= What is required =
In this exercise, print only the lines of the records below from the one with "Kilincs TUPAI CARLA - R 738 - Nikkel matt" through the one with "Opel Corsa Utility 1.8", inclusive. Pictures are not part of the copy.

= Exercise inputs =

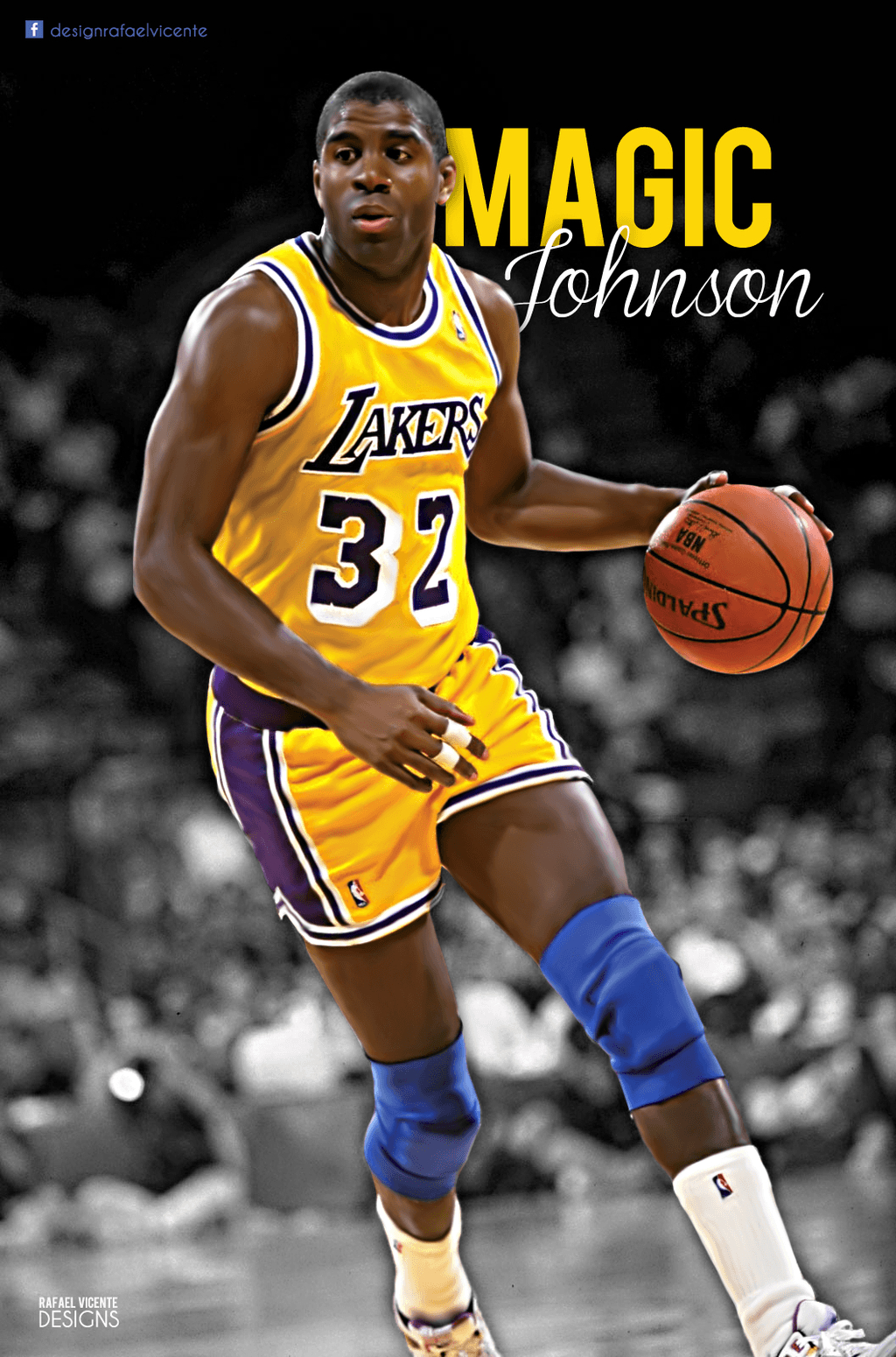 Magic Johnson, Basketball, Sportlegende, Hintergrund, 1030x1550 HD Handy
...
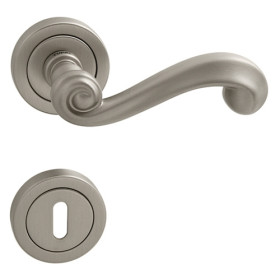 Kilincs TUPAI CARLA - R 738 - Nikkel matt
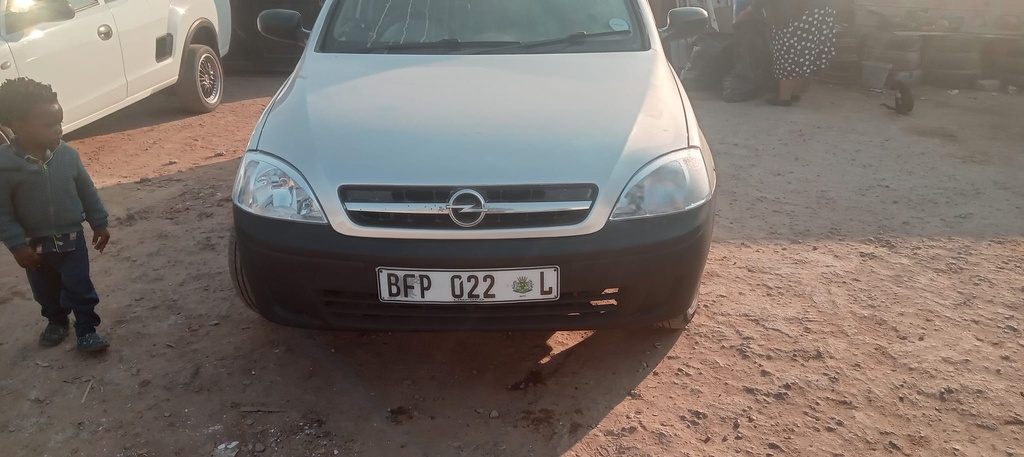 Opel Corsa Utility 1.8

= Exercise solution =
 Kilincs TUPAI CARLA - R 738 - Nikkel matt
 Opel Corsa Utility 1.8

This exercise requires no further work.